## Assigned task
Your job is to give again, exactly and with no additions, the lines in the records below from the one with "Women across Bogota, Colombia" through the one with "Personalized Birthday Gifts", both included. Omit the pictures.

Records from a dataset
*-*-*

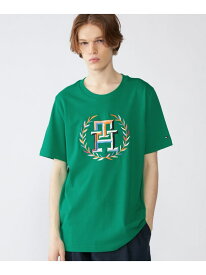 TOMMY HILFIGER (U)TOMMY HILFIGER(トミーヒルフィガー) ローレルモノグラムマルチカラーTシャツ トミーヒルフィガー トップス カットソー・Tシャツ ネイビー ベージュ グリーン【送料無料】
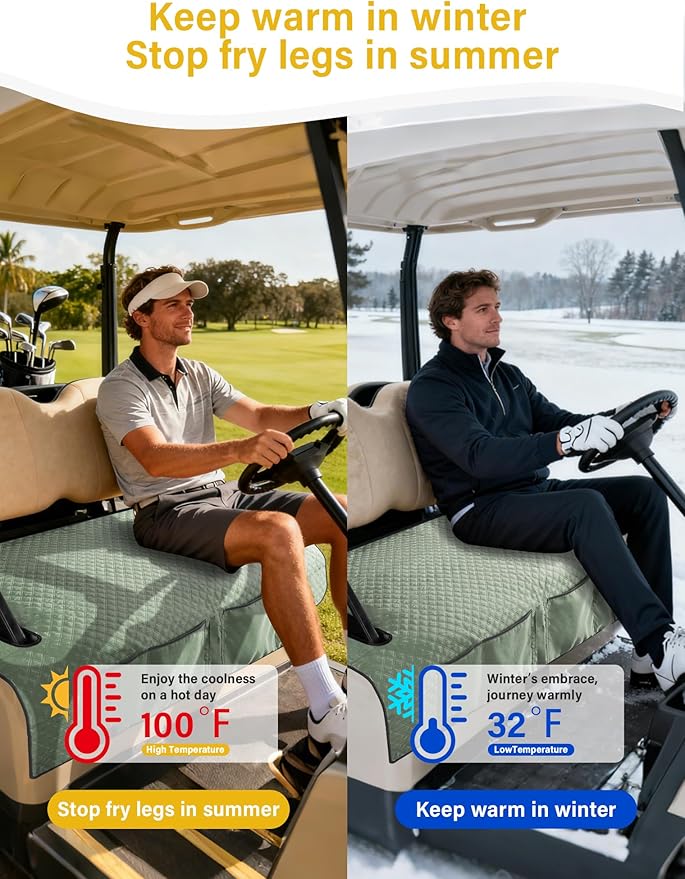 Golf Cart Seat Covers,Golf Cart Seat Towel Blanket with 4 Front Pockets & Nonskid Bottom Fits for EZGO and More 2 Person Seats Golf Carts (Silver Green, Ezgo)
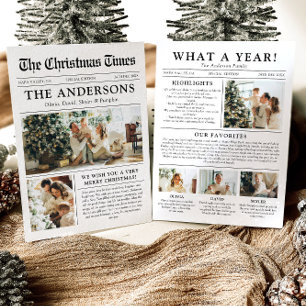 Newspaper Unique Fun What A Year Photo Christmas Holiday Card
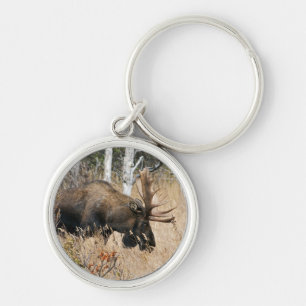 Grazing Moose Keychain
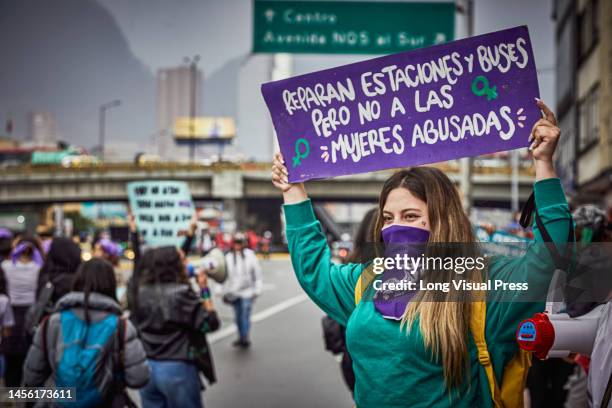 Women across Bogota, Colombia protest against gender based violence, after several cases of abuse and rape took over social media on November 25,...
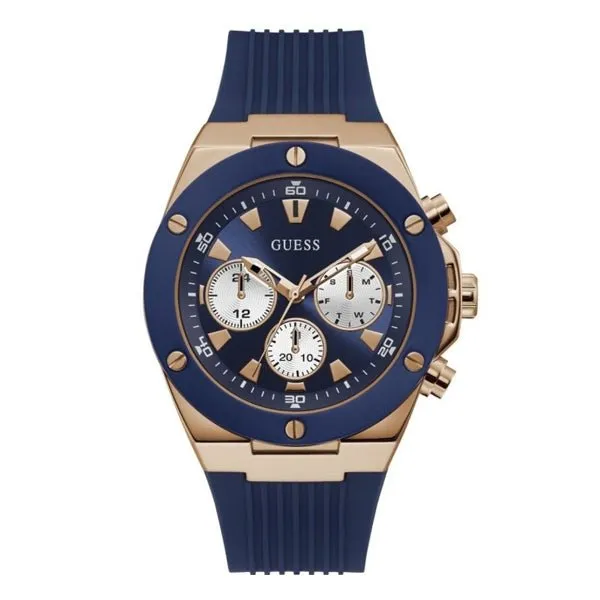 Guess Blue Silicone Strap Blue Dial Chronograph Quartz Watch for Gents - W0057G2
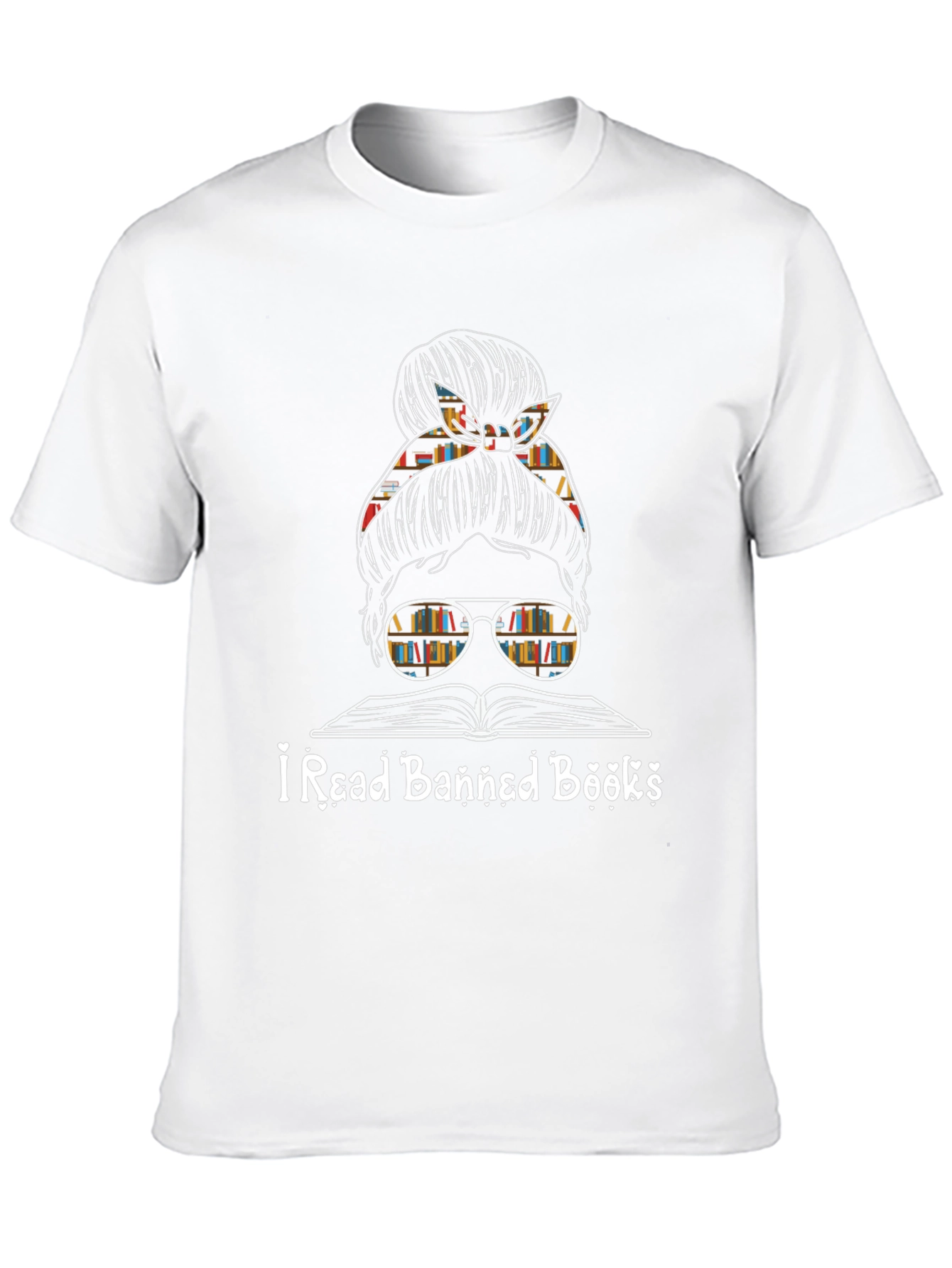 I Read Banned Books Messy Bun T-Shirt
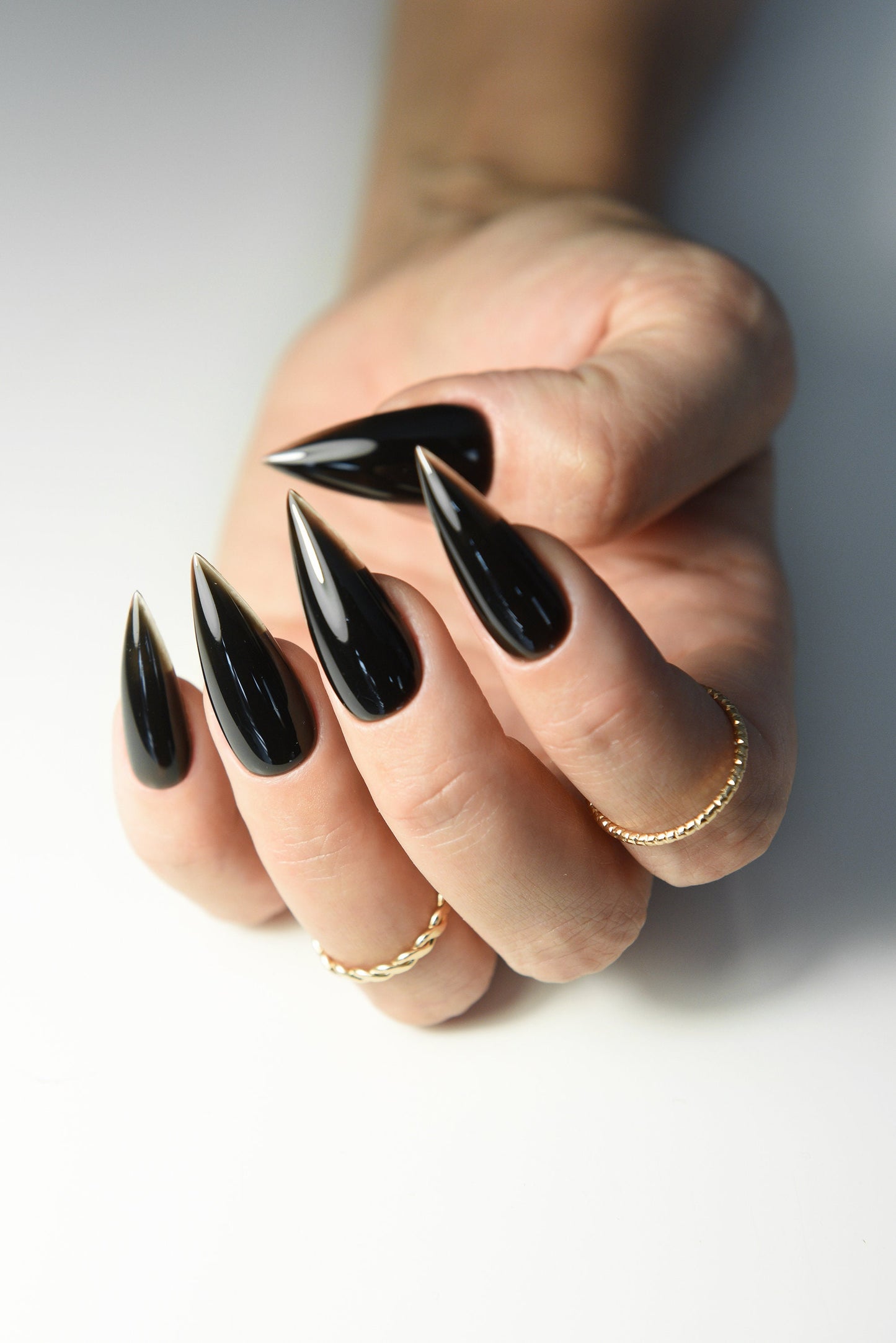 JELLY BLACK Korean style press on nail art, gothic simple clean nails for fall winter, halloween nails, goth, stiletto long medium short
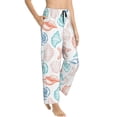 thumbnail image 2 of Uemuo Colorful Seashells1 Pattern Women's Wide Leg Palazzo Lounge Pants with Pockets Light Weight Loose Comfy Casual Pajama Pants-Large, 2 of 9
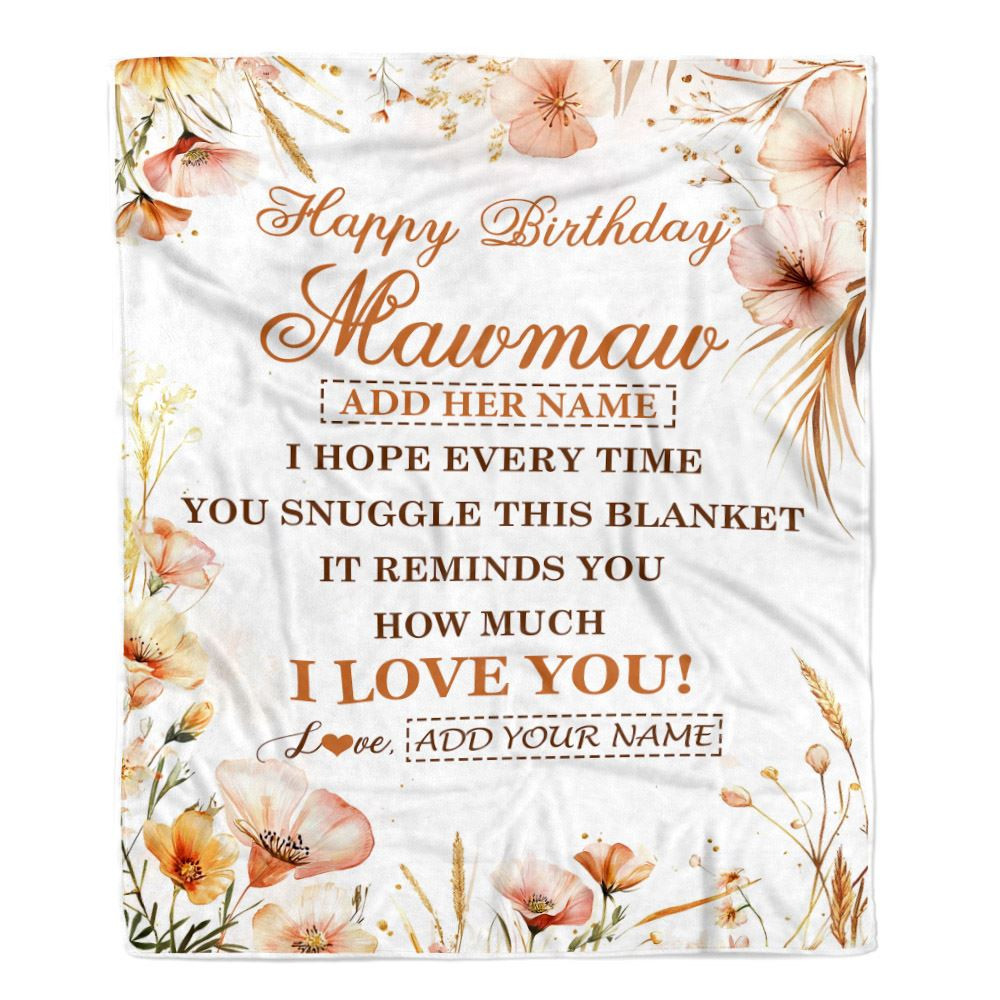 Personalized Birthday Gifts For Mawmaw Gifts From Granddaughter Blanket Yellow Happy Birthday Mawmaw Unique Gift Bday Customized Fleece Blanket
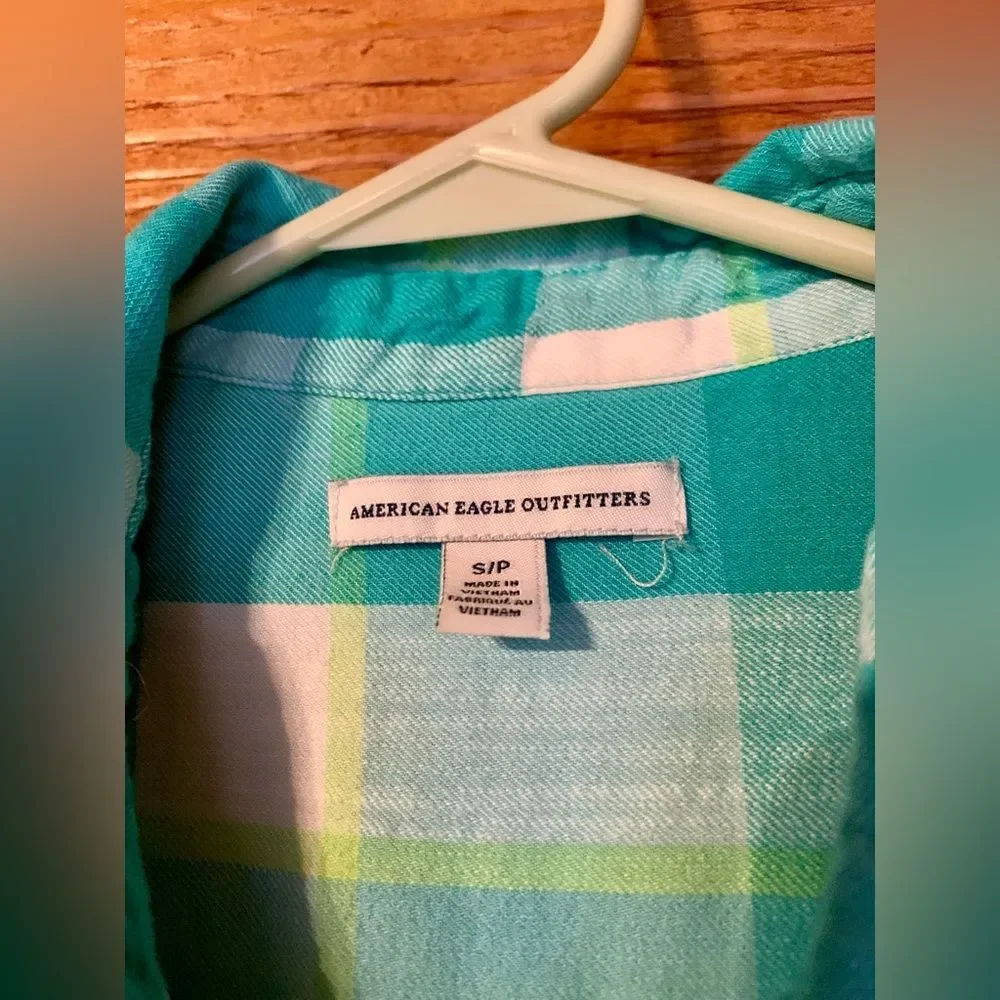 American Eagle Turquoise Blue Button Down Plaid Shirt Small - Picture 3 of 9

*-*-*

## Task result
 Women across Bogota, Colombia protest against gender based violence, after several cases of abuse and rape took over social media on November 25,...
 Guess Blue Silicone Strap Blue Dial Chronograph Quartz Watch for Gents - W0057G2
 I Read Banned Books Messy Bun T-Shirt
 JELLY BLACK Korean style press on nail art, gothic simple clean nails for fall winter, halloween nails, goth, stiletto long medium short
 thumbnail image 2 of Uemuo Colorful Seashells1 Pattern Women's Wide Leg Palazzo Lounge Pants with Pockets Light Weight Loose Comfy Casual Pajama Pants-Large, 2 of 9
 Personalized Birthday Gifts For Mawmaw Gifts From Granddaughter Blanket Yellow Happy Birthday Mawmaw Unique Gift Bday Customized Fleece Blanket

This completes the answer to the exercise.